A woman was killed during a St. Patrick’s Day Parade in Kentucky after her foot snagged on a moving float, dragging her underneath it and crushing her to death in front of dozens of celebrants.
The freak accident took place as dozens of people, from small children to grandparents, lined the streets for the 53rd annual St. Patrick’s Day Parade in Louisville on Saturday.
One woman, believed to be in her 50s, was walking alongside a float filled with hay bales that was hitched to a gray pickup truck when her foot got caught on the vehicle, according to local reports.
Moments later, she was dragged underneath the float and run over, NBC affiliate WAVE 3 reported.
The vehicle skid to a stop as volunteers and parade-goers rushed to the woman’s aid.
She was taken to the University of Louisville Hospital, where she was pronounced dead, police told the outlet.
Thousands of others packing the streets closer to the front of the parade had no idea what was happening when the floats slowly came to a halt.
Stephanie Youstra, a volunteer mascot, told WAVE that she had just wrapped up her segment on the route when the floats behind her stopped moving.

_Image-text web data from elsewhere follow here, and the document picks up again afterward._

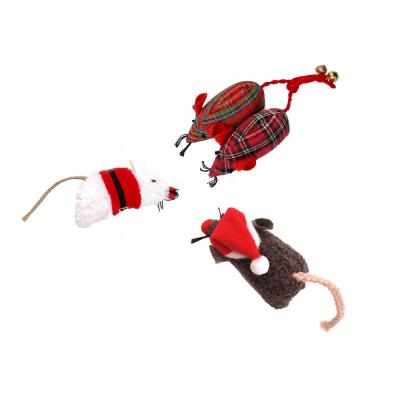 China Sustainable Christmas Custom Plush Interactive Mouse Hunter Training Cat Set Toys for sale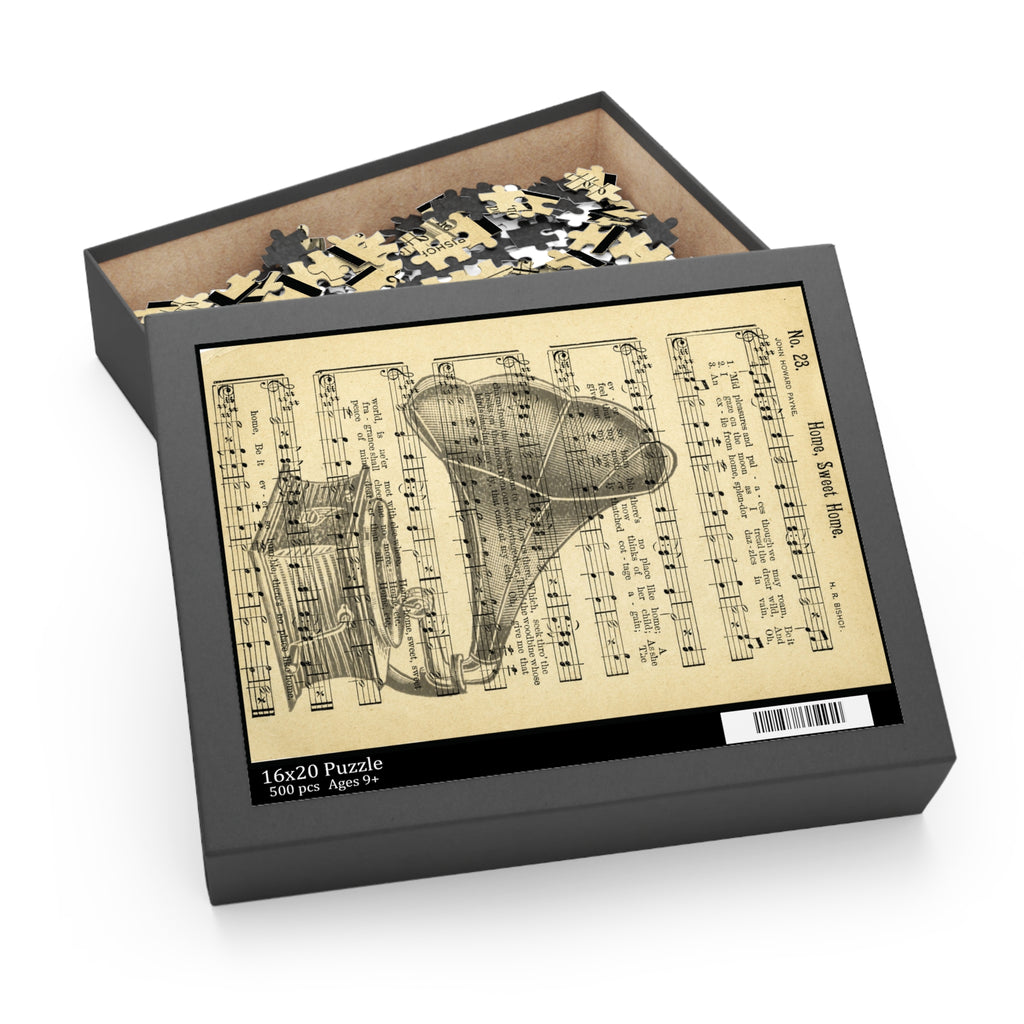 Vintage Gramophone Sheet Music Puzzle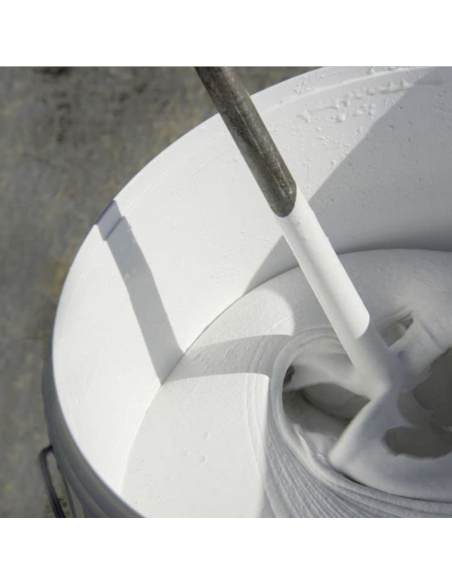 Guaina Liquida Bianca Resingum 2000 Impermeabilizzazione Terrazze Balconi 20 Kg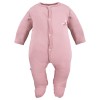 Rosa Baby-Strampler 3er-Pack mit Blumenmotiv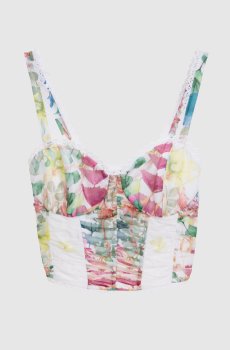 Белый топ Sylva с драпировкой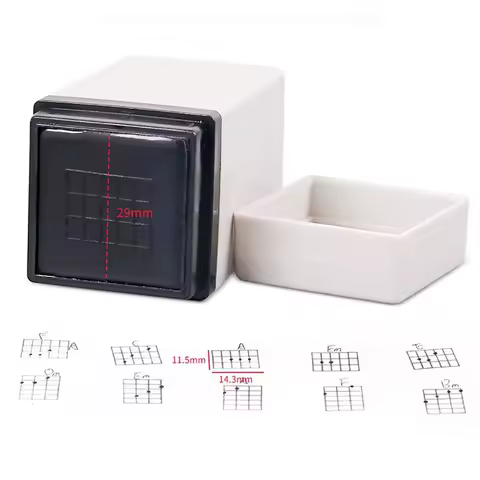 Durable Grid Chords Stamp Guitar/Yukri Portable Chord Seal Convenient Chords Print Signet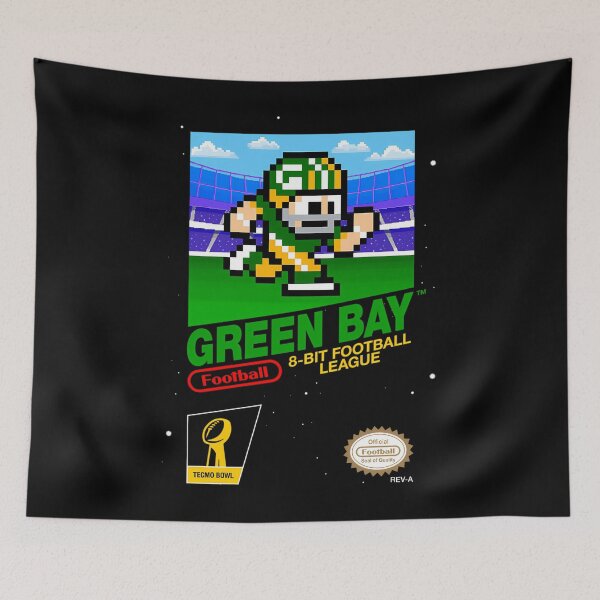 Item preview, Green Bay Packers 8-Bit Videogames designed and sold by Daisy-Creates.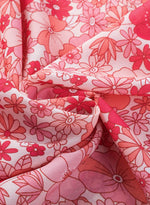 Load image into Gallery viewer, Pink Boho Floral V Neck Kimono Style Blouse - Fashion Queen -  17
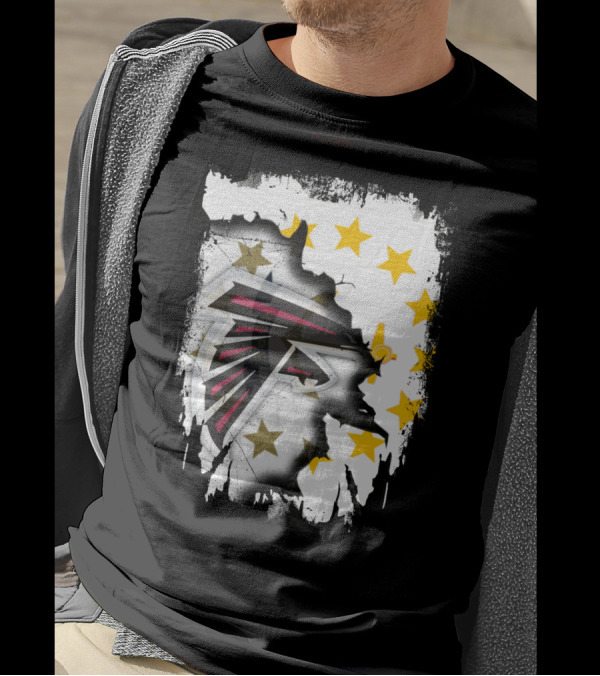 Rhode Island Stars With Falcons Logo Blended T-Shirt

Other parade participants eventually spread the news of the tragic incident up the line.
“My heart just goes out to anyone who was in that float, and all the people in that float, and the family. I just can’t imagine that they are all feeling,” Youstra told WAVE.
David Gnamba, who was working at his family’s food truck near the parade, watched emergency responders haul the woman onto a stretcher. He didn’t consider it was “something very serious,” let alone fatal.
“It does break my heart because that’s a person that lost their life… this is not news that we want to hear — as human beings, as vendors, as people, as partygoers,” Gnamba told the outlet.
Louisville Mayor Craig Greenberg called on the community to keep the victim’s “family and friends in your prayers.”
“May her memory be a blessing,” Greenberg wrote on X.
The Louisville Metro Police Department’s traffic unit was investigating the incident.